Isaiah 30:22 - Albert Barnes' Notes on the Bible

Bible Comments

Ye shall defile also - That is, you shall regard them as polluted and abominable. This is language which is often used respecting their treatment of the images and altars of idolatry when they became objects of abomination, and when they were induced to abandon them (see 2 Kings 23:8, 2 Kings 23:10, 2 Kings 23:16). It is not improbable that before destroying them they would express their abhorrence of them by some act of polluting or defiling them, as significant of their contempt for the objects of degraded idolatry (see the note at Isaiah 2:20). The sense of the whole passage is, that the effect of the judgments which God was about to bring upon the nation would be, to turn them from idolatry, to which as a nation they had been signally prone.

The covering - The images of idols were usually made of wood or clay, and overlaid with gold. That gold and silver were used “to plate” them is apparent from Deuteronomy 7:25; and the whole process of making them from wood, and then of overlaying them with plates of gold and silver is described with graphic power and severity of irony in Isaiah 40:19-20; Isaiah 41:6-7.

Thy graven images of silver - Margin, ‘The graven images of thy silver.’ Probably the construction in the text is correct, as meaning that the images were not made of entire silver, but of wood or clay, plated with silver.

And the ornament - The golden plates or the covering of the images.

Thy molten images - The word ‘molten’ refers to those which were made by “casting” (see the notes at Isaiah 40:19-20).

Thou shalt cast them away - (see the note at Isaiah 2:20).
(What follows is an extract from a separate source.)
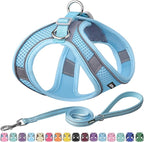 AIITLE Comfortable Dog Harness and Leash Set by AIITLE-FORPETSBETTERLIFE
This would be in accordance with the express direction of Moses; Deuteronomy 7:25 : ‘The graven images of their gods shall ye burn with fire; thou shalt not desire the silver or gold that is on them, nor take it unto thee, lest thou be snared therein, for it is an abomination unto the Lord thy God.’

Isaiah 30:22

22 Ye shall defile also the covering of thy graven images of silver, and the ornament of thy molten images of gold: thou shalt cast them away as a menstruous cloth; thou shalt say unto it, Get thee hence.